Da “Furore”, simbolo della Grande Depressione, all’agricoltura odierna c’è un filo nero, i suicidi. E non solo
L’indagine made in Usa del CDC (Centers for disease control alias Centri statunitensi per il controllo e la prevenzione delle malattie) svela che il settore dell’agricoltura, pesca e forestazione è al primo posto della classifica dei “suicidati” (dati 2012 rielaborati nel 2016; base 17 Stati e oltre 20 diverse categorie professionali).
L’agricoltura americana ha un tasso di 84,5 suicidi ogni 100 mila persone; segue il settore delle costruzioni al 53,3; circa la metà delle altre categorie ha un tasso inferiore 20.
Perché proprio l’agricoltura? Perché tanto stress? Un avvocato di Farm Aid interpellato da Modern Farmer lo spiega così:
– senso di impotenza: il prezzo di molti prodotti, specie i più diffusi come latte, mais, grano e soia non è controllato dagli agricoltori. Dipende da politica e grandi organizzazioni
– debiti: diffusi e necessari per investire all’inizio di ogni annata. Ma se qualcosa va storto, dal clima ai prezzi, è difficile ripagarli per non parlare dei profitti. Ciò contribuisce al senso di impotenza e di mancanza di controllo del proprio destino
– Molti agricoltori lavorano la terra di famiglia, appartenuta a genitori e nonni e il trauma di una perdita o di un fallimento pesa di più
– le aziende sono isolate e, vista l’età media dei conduttori, circa 60 anni, spesso manca la capacità o la cultura di chiedere aiuto o ammettere che qualcosa va storto.
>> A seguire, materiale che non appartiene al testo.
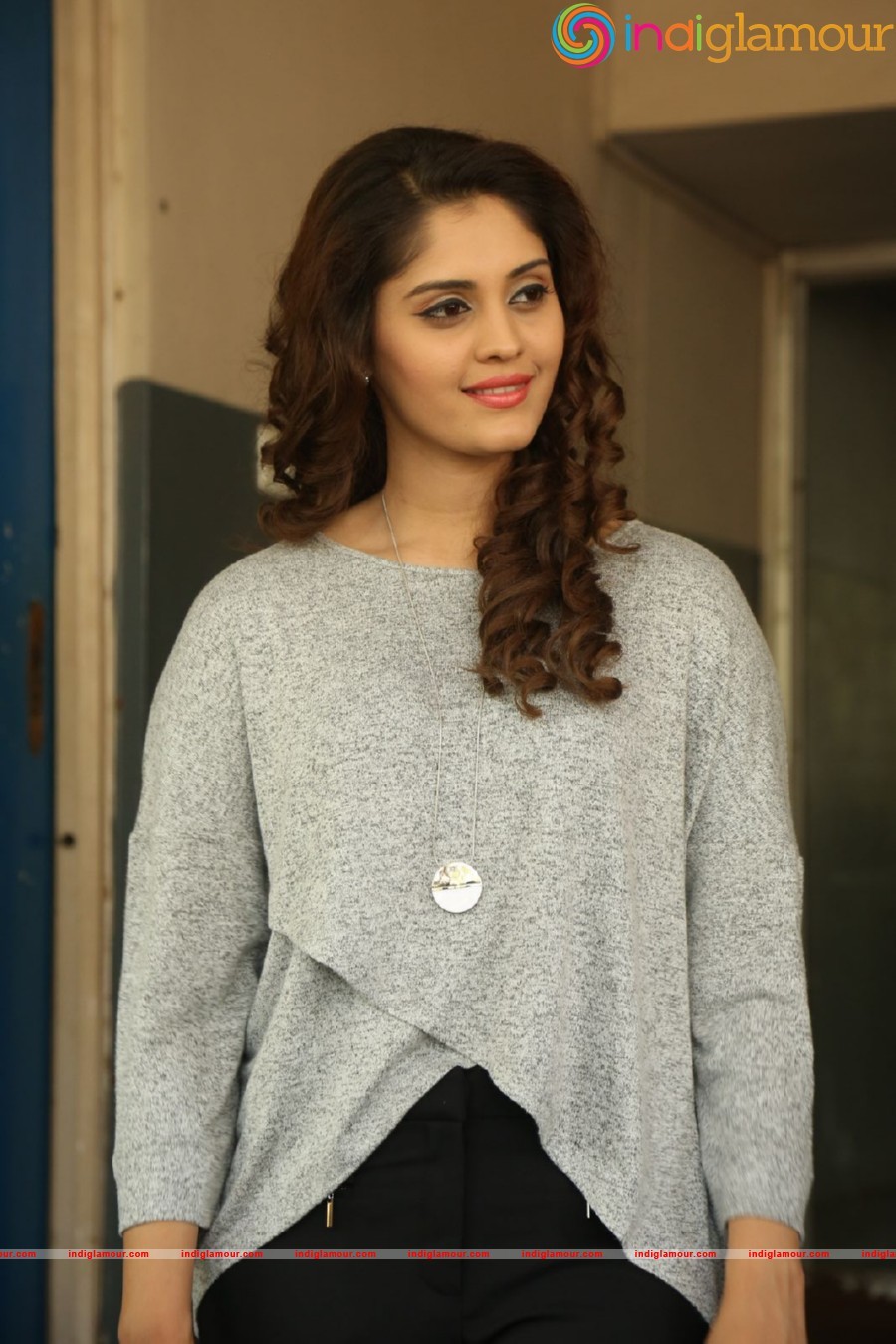 Surbhi Actress hd photo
E in Europa? Prendiamo la Francia, prima agricoltura europea, esportatore numero uno, una grande macchina produttiva: 57 miliardi di fatturato nel 2013 davanti a Germania (46,2 miliardi) e Italia (43 miliardi). Tra gli agricoltori il suicidio è la terza causa di morte dopo il cancro e le malattie cardiovascolari. L’impiccagione è il metodo preferito davanti all’uso delle armi, mentre le contadine preferiscono l’avvelenamento.
Sono un allevatore. Io muoio
Era scritto sulle magliette degli agricoltori che protestavano all’edizione 2016 del Sima, megafiera agricola. Un grande sfilata di tori e trattori alla quale nessun politico francese rinuncerebbe. Fischiavano Hollande.
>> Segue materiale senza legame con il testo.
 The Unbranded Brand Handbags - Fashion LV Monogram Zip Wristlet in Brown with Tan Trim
J’étais paysan, je suis encore paysan, et moi? Sfilavano tre generazioni: nonno, padre e figlio: “Ero contadino/ sono ancora contadino/ed io?” chiedeva il bambino.
Le ragioni del malessere sono molte: prezzi sempre più bassi, indebitamento elevato, scomparsa delle quote latte, liberalizzazione dei prezzi, crisi sanitaria, embargo alla Russia sui prodotti agricoli, concorrenza degli altri paesi europei. Risultato: chiusura delle aziende agricole, abbandono delle campagne e aumento dei suicidi.
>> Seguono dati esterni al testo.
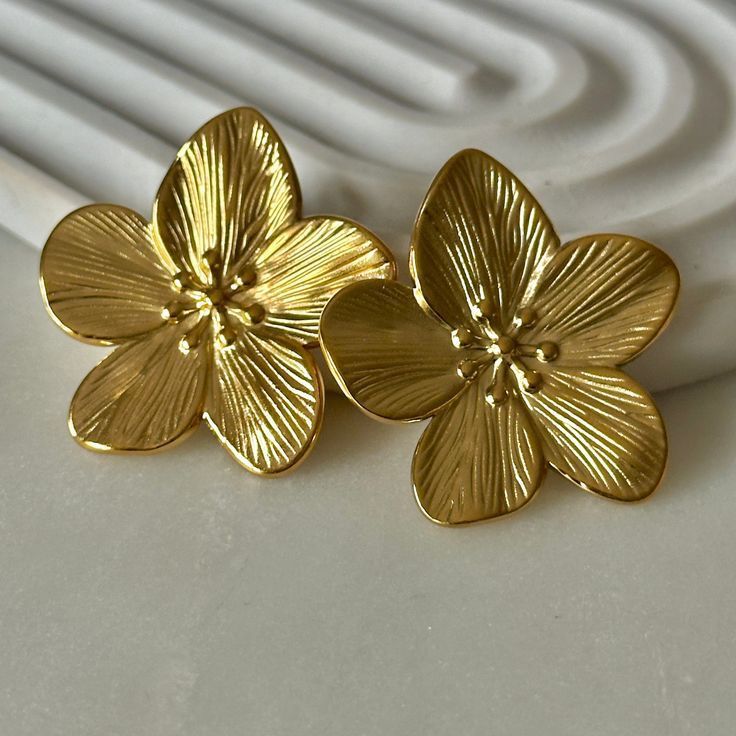 flower studs earring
Succede che il settore agricolo è in piena ristrutturazione: sempre meno attori, sempre più concentrazioni, sempre più forti rispetto al singolo agricoltore cui si chiedono continui sforzi per aumentare la produttività. Ma in campo alimentare produttività non fa rima con qualità. E nemmeno con i consumatori che cercano, invece, più qualità.
Sanno i consumatori cosa accade nei campi? Sanno cosa sta cambiando nella produzione di cibo?
– le aziende agricole si sono dimezzate, soprattutto quelle di dimensione medio-piccola,
– aumentano le grandissime aziende agricole; crescono le aziende-fabbrica che scandalizzano i consumatori del “buon cibo”: allevano migliaia di vacche e di polli.
– cresce il livello medio di indebitamento: a causa dell’elevato valore degli investimenti iniziali
La riconversione ecologica costa troppo; a chi è indebitato non resta che continuare con agricoltura e zootecnia intensivi.